I think I'm a little confused regarding taxonomic classifiers and their use for analysis. I actually finished the "moving pictures tutorial" and our lab uses the same region of analysis so using the pre-trained classifier from the tutorial fit our work pretty well (I understand that this isn't ideal).
This equivalent step as I understand it is in QIIME 1.9.1 open/closed OTU picking using a greengenes.

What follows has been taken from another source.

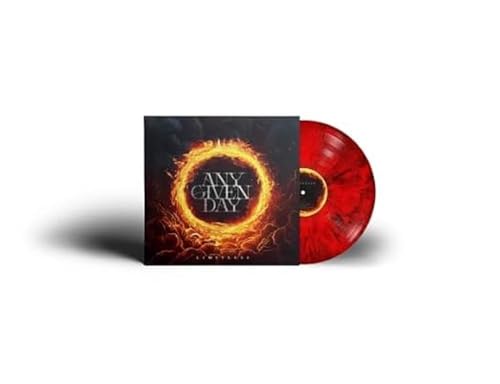 Limitless (Marbled Red Vinyl) von Arising Empire (Edel)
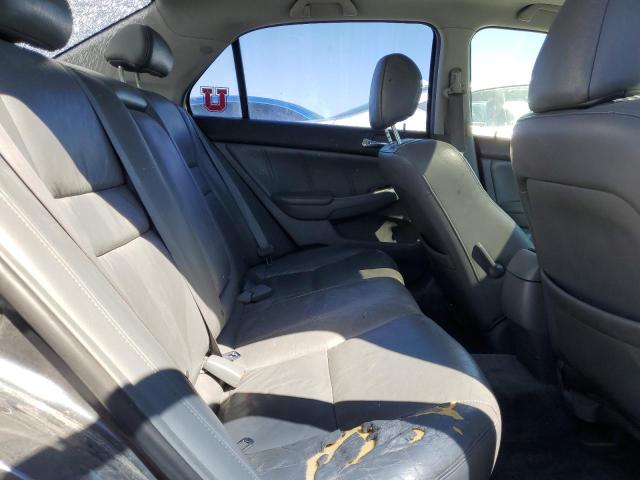 1HGCM66554A014808 - 2004 HONDA ACCORD EX CHARCOAL photo 10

However, since DADA2 accomplishes the clustering step outside of the OTU picking/closed OTU picking, taxonomic assignment is independent of clustering, thus the taxonomy is assigned after the clusters are created.
Questions:
If I wanted to re-train, would the training for classifiers be on an per sequence run basis? per project basis (multiple sequencing runs)? or per project (only sequences from the project samples from multiple sequencing runs)?
If I wanted to re-train, what is the expectation on the improvement on taxonomic classification compared to pre-trained classifiers? 5%-10%? 50%?
Feature classifiers are all different, there are several questions as to which is the best, would evaluating each and every classifier for the experiment be important? Or is it as important as just working and sticking to a method?
Once I train a feature classifier, could I reference it for other projects? Let's say a feature classifier I train for mouse sets, could I use that same feature classifier for microbiome human data?
If I used the pre-trained classifiers, I lose a little resolution (e.g., some sequences won't be annotated correctly because I haven't "trained" the classifiers to my primers?)
Thank you if these questions were asked elsewhere, I reviewed the white paper briefly.
That's correct, clustering is first, then taxonomy assignment is a second independent step. This was also true in Qiime 1 (pick_otus.py then assign_taxonomy.py).
You need to retrain the sklearn-classifier on a per-database basis. So you can train it once on greengenes may 15 2013, and use it on all samples, runs, experiments, everything. But if you switch to Silva database v123, you would have retrain.
Ideally, using the same setting on the same database would produce identical results. You might see big gains by using better (larger, more specific) database.
Which classifier one is best? You found the paper on how the Qiime devs think about taxonomy optimization. Personally I'm not too worried about it because 1) functionally is more important than taxonomy and 2) it's hard to infer taxonomy from 250 bp of DNA.
I wouldn't site a classifier... I would site the database it was trained on. If you built a new database, you could absolutely site that. Databases get lots of citations.
The pre-trained classifiers should work OK, but you can validate this by looking at the taxonomy composition of your positive controls.
Let me know if that helps. Let's see if the Qiime devs have any other suggestions or corrections about using the taxonomy classifiers in Qiime 2.
If you are using the same primers, then this is ideal.
Not exactly. Clustering and taxonomy assignment should be kept separate. Even with closed-ref OTU picking you should still attempt to reassign taxonomy, as closed-ref OTU picking is just aligning to the top hit and does not take any kind of confidence metric into account (e.g., other near-top-hits could have different taxonomic labels!). As @colinbrislawn said:
Define "best". Unless if you have a mock community with known composition in your run, you do not know the true taxonomic composition and cannot assess whether one classification is better than another. So you are best any one of the classifiers in q2-feature-classifier — see here. For parameters, just use the default settings unless if you have some particular goals in mind (in which case see the alternative parameter recommendations in Table 2 of the paper you linked to).
The classifier is trained on a specific set of reference sequences, and I imagine you will use the same reference sequences for both human and mouse samples, unless if you have some kind of host-specific reference sequences.
As Colin said:
So same database, same classifier.
Do you mean that you want to cite the classifier that you trained for a separate project? Cite the reference database and cite the classification method that you used, but don't cite the other project.
If you used the same primers, then you have nothing to worry about. See the notes here.